Goście w restauracji WuWu zostali przywitani w iście PRL-owskim stylu – wódką i zagryzką.projekt Herbert
Podczas spotkania w retro-kinie AMONDO literaturoznawca Karol Hryniewicz zwrócił uwagę, że Herbert był pisarzem z ogromnym poczuciem humoru, dlatego zapewne ze wszystkich filmów najbardziej spodobałby mu się „Wilk i owieczka” Korycińskiego. „Reżyser znalazł bardzo dobry sposób na opowiedzenie w języku filmu o ambiwalencji sztuki jako formy.

Herbert robił to, sięgając po bajki oświeceniowe, Koryciński wykorzystał opowieści grozy” – mówi Hryniewicz. Tomek, jeden z zaczepionych po seansie widzów, typowy hipster w kolorowym dresie z lat 90., zdradza: „Bardzo przyjemnie mi się oglądało wszystkie filmy, chociaż uważam, że najlepiej sprawdzą się one na YouTubie, a z tego co wiem, właśnie tam mają ostatecznie trafić. Przypominają mi to, co robią niektórzy youtuberzy, z G. F. Darwin na czele”. Podczas pokazu współorganizowanego z Prawie Kinem krytyczce filmowej Annie Tatarskiej spodobał się teledyskowy początek „Drugiego pokoju” Luzara. „Wykorzystaliśmy tam jedną z piosenek świetnego polskiego zespołu Polpo Motel” – mówi kierowniczka produkcji Kamila Sokołowska. „Ten kawałek bardzo dobrze wprowadza w nieco mroczny, moralnie nieoczywisty klimat filmu” – dodaje Adrian Luzar.

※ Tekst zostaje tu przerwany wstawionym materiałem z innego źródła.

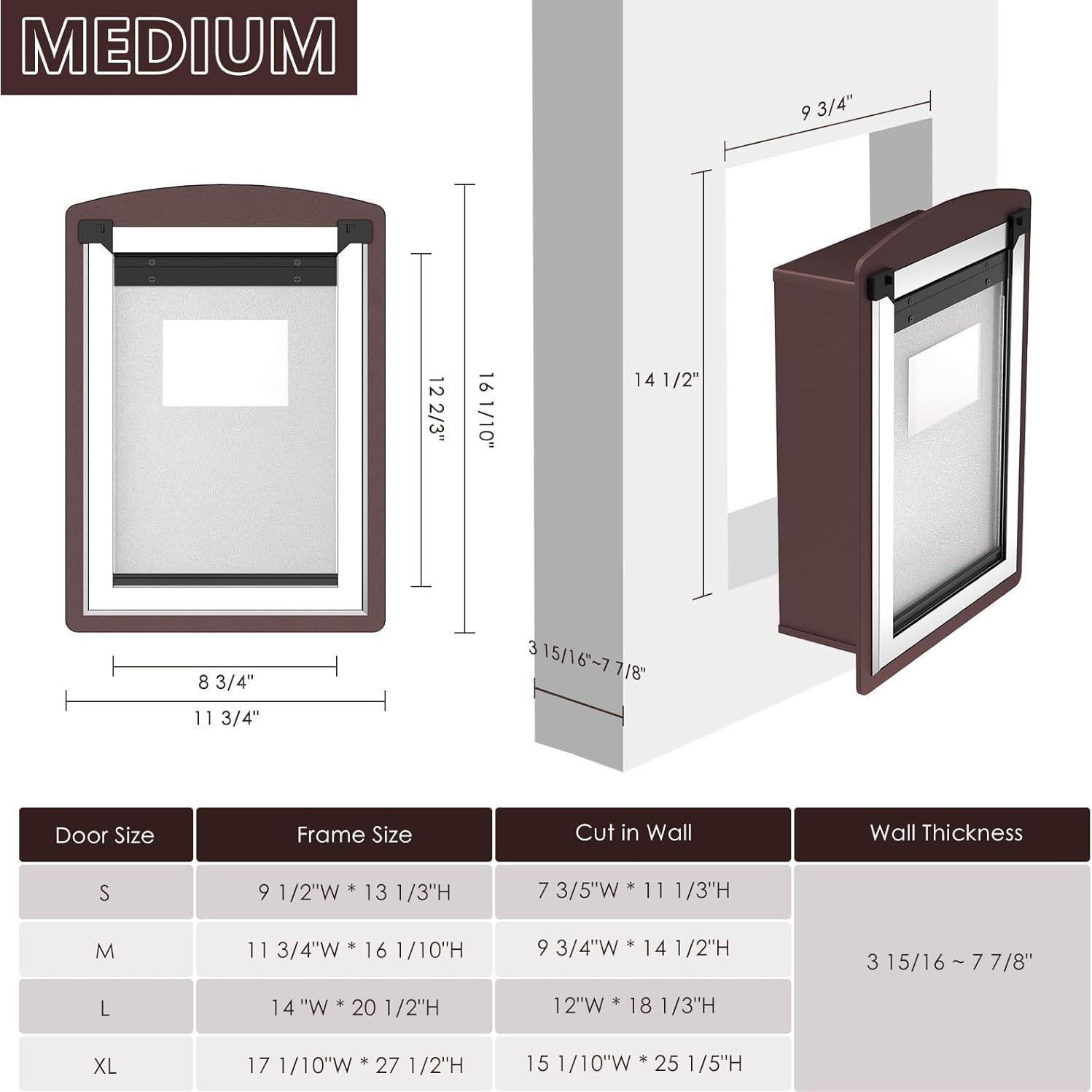 Puerta para Perros ALUMANI Mediana Acero Color Café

Aby uczcić finał projektu Herbert jego twórcy zaprosili przekornie… na prowincję, bo do położonego niedaleko Warszawy Stawiska, gdzie w zabytkowym pałacyku mieści się niezwykłe Muzeum im. Anny i Jarosława Iwaszkiewiczów. Za oknami szaleje letnia burza. Jednak po chwili niebo się rozpogadza, a sala wypełnia pierwszymi gośćmi, którzy – w przeciwieństwie do publiczności z warszawskich pokazów – są nieco starsi.

„Chcieliśmy dotrzeć nie tylko do rówieśników, ale także osób w wieku naszych rodziców i dziadków. Rozmawiałam z kilkoma osobami, które bardzo żywo reagowały zarówno na towarzyszący pokazowi koncert fortepianowy, jak i nasze filmy” – mówi kierowniczka produkcji Karolina Mendak.
Publiczność w trakcie panelu dyskusyjnego „Małe ojczyzny wielkich poetów” w Muzeum im. Anny i Jarosława Iwaszkiewiczów w Stawisku.projekt Herbert
Czy tak jest rzeczywiście? Czy młodym twórcom udało się ukazać twórczość Herberta w nowej perspektywie, mówiąc jednocześnie coś ciekawego o współczesności? Każdy z nas może się o tym przekonać samemu, odwiedzając kanał pH na portalu YouTube, gdzie zadebiutowały właśnie wszystkie filmy.